Jo Ramakers is a sculptor who in his work aspires refinement. But looking for beauty - " a thing of beauty is a joy forever" - he nevertheless always reverts to nature, which renders him vital shapes. Shapes that he, in his figures, allows to live lives of their own, in a concentrated quality: figures which can offer solace to the eyes.

Thus Jo Ramakers is time and again inspired by nature and the world which surround him. In a never-ending dialogue with nature he got acquainted with the principles of rhythm and organic growth, movement and counter-movement, harmony and contrast.
In this respect his shining example is the English sculptor Henry Moore, who once said: "Sculptures should be examined inside out as well. One of the things which I like to grasp in my sculptures is a force, a living tension from within, so that one has the feeling that shape is extruded."

Jo Ramakers stems from a family of artisans, artistic craftsmen. Renowned in Geleen was his grandfather's studio: J.W Ramakers & Sons, designers and producers of church furniture in any style: wooden and marble sculptures, painted and sculpted Stations of the Cross, and the like. "Special adaptation for the Overseas Territories", the firm announced in advertisements. The Grand Prix Award, inclusive of Cross of Honour and Gold Medal, at the International Exhibition of Religious Art at 's Hertogenbosch in 1909 was not left unmentioned.

Old Ramakers being tied to strict religious standards, living and working at the time of Roman Catholic heydays, young Ramakers can breathe much more comfortably in his art. He, too, for that matter is to adhere to rules, to demands of craftsmanship, in order to achieve the strictness in shape which he claims to aspire. "I am of the opinion that in present-day art very diverse design is possible, from the figurative to the utterly abstract. A work of art without imagination is a nuisance; having no concept of design it is chaotic."

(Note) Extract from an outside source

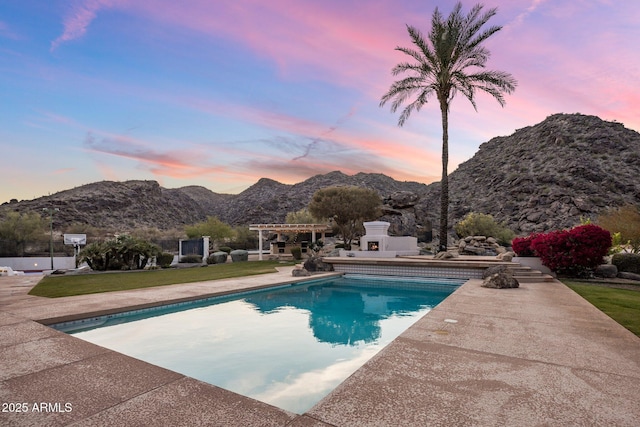 11809 S Montezuma Ct, Phoenix, AZ 85044 - pool at dusk with a mountain view, a patio area, an outdoor pool, and a pergola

Thus, in a mood of spiritual reflection, Jo Ramakers can look back upon an oeuvre that, drawing from the arsenal of shapes of modern sculpture and nature's biological-organic vocabulary, can be certain of a place of its own among people, both in private and in public spheres.

In the public domain he prefers working with recognisable shapes stemming from folk sprit, which result in recognition, testify of an attitude of service and evoke response.
In Jo Ramakers' evolution his technical and artist training are clearly marked without the one having obstructed the other.

Movement fascinates him and small wonder he is put on the trail of dance, which started being the source of inspiration for a number of studies of movement; an attempt to visualise the spatial lightness of dancers in the language of plastic shapes. His impression is that dancers are creatures of light, who find their destination in bird flight. For is it not every dancer's wish to be released from earth and to defeat gravity?

This inclination towards light-footedness, based on a desire to create harmony, is also present in Jo Ramakers' more recent works. Take a good look at his plastic activities: the last few years his sculptures have lost weight; they act in a much more light-footed and elegant manner, the spectators at his exhibitions exclaim!

The patina of his sculptures has also benefited from this spirit of internalisation. The blazing green of yesterdays has had to make way for brown, green and ochre.
"During my experiments with various metallic oxides I happened to touch upon this soft patina", the sculptor claims. "All my new sculptures, the ones that are not polished too smoothly at least, are given this soft patina."

Jo Ramakers' sculptures predominantly deal with nature. Within nature he tracks the archetypal forms of life, which in concentrated images he not only visualises but expresses as well. Unhampered by accidental forms of appearance he tries to depict things as pithily as possible, keen on images that start to lead lives of their own, yet always signify the reality in which we live, a reality which, as we know, is in continual movement.

Jo Ramakers is permeated with this realisation.